#### What to do
Return verbatim all lines from the first one in the records to the line with "KANTA KANTA REETHA POWDER 25GM product image", both ends kept.
= = = = = = =
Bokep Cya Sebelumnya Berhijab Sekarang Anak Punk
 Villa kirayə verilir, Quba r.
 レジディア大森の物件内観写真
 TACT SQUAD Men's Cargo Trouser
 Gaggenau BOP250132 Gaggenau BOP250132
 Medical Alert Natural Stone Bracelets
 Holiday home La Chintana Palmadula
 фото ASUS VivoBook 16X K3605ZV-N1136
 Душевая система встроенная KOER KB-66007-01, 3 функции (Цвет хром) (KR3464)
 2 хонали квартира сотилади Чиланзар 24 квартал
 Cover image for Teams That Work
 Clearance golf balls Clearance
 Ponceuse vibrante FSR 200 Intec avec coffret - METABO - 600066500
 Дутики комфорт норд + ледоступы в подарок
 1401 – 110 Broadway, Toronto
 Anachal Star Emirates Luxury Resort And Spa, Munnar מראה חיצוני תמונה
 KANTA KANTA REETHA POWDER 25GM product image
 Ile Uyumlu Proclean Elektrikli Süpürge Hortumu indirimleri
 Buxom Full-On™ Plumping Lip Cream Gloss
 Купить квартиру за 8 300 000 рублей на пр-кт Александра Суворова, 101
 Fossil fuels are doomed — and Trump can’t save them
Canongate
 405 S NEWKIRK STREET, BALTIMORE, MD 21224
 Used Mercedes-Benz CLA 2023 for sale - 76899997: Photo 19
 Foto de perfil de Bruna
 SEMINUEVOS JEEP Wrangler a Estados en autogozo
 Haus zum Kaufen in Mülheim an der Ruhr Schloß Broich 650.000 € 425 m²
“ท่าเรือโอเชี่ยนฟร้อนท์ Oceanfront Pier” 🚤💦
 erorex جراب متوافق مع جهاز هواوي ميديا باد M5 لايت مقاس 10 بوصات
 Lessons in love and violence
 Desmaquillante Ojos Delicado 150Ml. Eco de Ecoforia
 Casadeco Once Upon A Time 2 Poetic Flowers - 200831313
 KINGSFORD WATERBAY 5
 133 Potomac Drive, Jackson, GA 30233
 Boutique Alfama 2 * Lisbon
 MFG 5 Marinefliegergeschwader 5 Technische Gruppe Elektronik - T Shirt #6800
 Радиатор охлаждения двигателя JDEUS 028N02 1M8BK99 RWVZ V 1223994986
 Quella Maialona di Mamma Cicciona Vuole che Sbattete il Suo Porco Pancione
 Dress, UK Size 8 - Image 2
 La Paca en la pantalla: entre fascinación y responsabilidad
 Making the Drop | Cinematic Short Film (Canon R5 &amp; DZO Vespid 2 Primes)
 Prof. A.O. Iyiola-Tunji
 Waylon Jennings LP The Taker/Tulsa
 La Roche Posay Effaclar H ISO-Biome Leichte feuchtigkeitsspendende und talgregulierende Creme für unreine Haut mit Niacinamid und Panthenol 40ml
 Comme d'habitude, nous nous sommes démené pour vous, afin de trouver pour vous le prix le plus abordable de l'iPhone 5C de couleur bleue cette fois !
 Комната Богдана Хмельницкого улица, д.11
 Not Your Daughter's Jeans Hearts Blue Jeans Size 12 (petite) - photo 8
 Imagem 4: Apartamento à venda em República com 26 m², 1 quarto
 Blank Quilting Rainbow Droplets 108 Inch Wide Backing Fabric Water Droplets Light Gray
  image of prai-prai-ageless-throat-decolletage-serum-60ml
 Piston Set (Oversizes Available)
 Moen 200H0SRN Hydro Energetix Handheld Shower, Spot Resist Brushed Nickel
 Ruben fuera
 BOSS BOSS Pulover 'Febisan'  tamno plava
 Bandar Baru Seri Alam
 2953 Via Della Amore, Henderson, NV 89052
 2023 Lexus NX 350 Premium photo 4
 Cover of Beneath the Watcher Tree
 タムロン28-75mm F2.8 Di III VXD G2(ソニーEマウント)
= = = = = = =
#### Answer to the problem
Bokep Cya Sebelumnya Berhijab Sekarang Anak Punk
 Villa kirayə verilir, Quba r.
 レジディア大森の物件内観写真
 TACT SQUAD Men's Cargo Trouser
 Gaggenau BOP250132 Gaggenau BOP250132
 Medical Alert Natural Stone Bracelets
 Holiday home La Chintana Palmadula
 фото ASUS VivoBook 16X K3605ZV-N1136
 Душевая система встроенная KOER KB-66007-01, 3 функции (Цвет хром) (KR3464)
 2 хонали квартира сотилади Чиланзар 24 квартал
 Cover image for Teams That Work
 Clearance golf balls Clearance
 Ponceuse vibrante FSR 200 Intec avec coffret - METABO - 600066500
 Дутики комфорт норд + ледоступы в подарок
 1401 – 110 Broadway, Toronto
 Anachal Star Emirates Luxury Resort And Spa, Munnar מראה חיצוני תמונה
 KANTA KANTA REETHA POWDER 25GM product image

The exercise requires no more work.